Work to complete:
Using only the entries below, output the lines starting at the one containing "New 2026 Chevrolet Equinox LT image 12" and ending at the one containing "Детская горка Весёлый слоник", exactly and inclusive of both, omitting the pictures.

Exercise data:

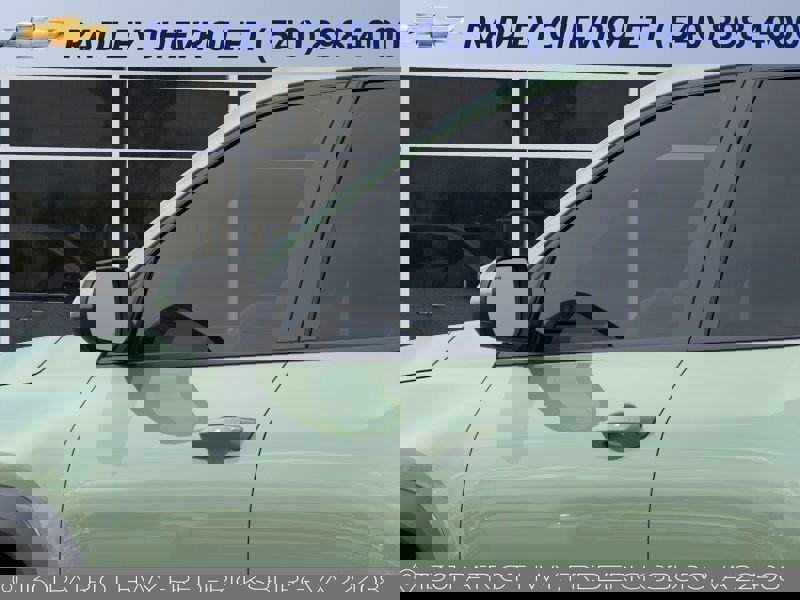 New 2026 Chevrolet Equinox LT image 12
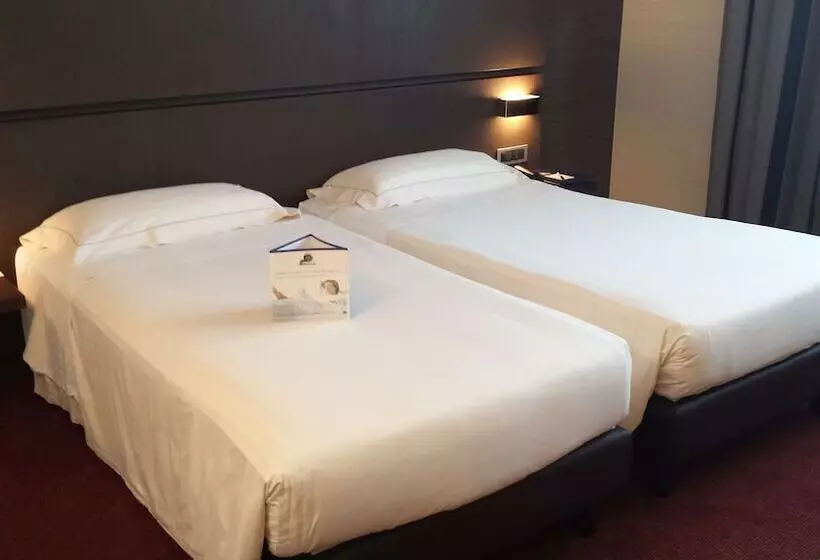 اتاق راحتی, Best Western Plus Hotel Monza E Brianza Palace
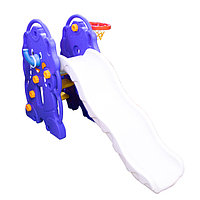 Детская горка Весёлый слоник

---

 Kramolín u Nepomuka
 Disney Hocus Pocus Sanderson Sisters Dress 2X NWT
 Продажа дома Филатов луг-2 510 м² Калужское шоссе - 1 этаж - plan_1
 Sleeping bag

Answer space:
 New 2026 Chevrolet Equinox LT image 12
 اتاق راحتی, Best Western Plus Hotel Monza E Brianza Palace
 Детская горка Весёлый слоник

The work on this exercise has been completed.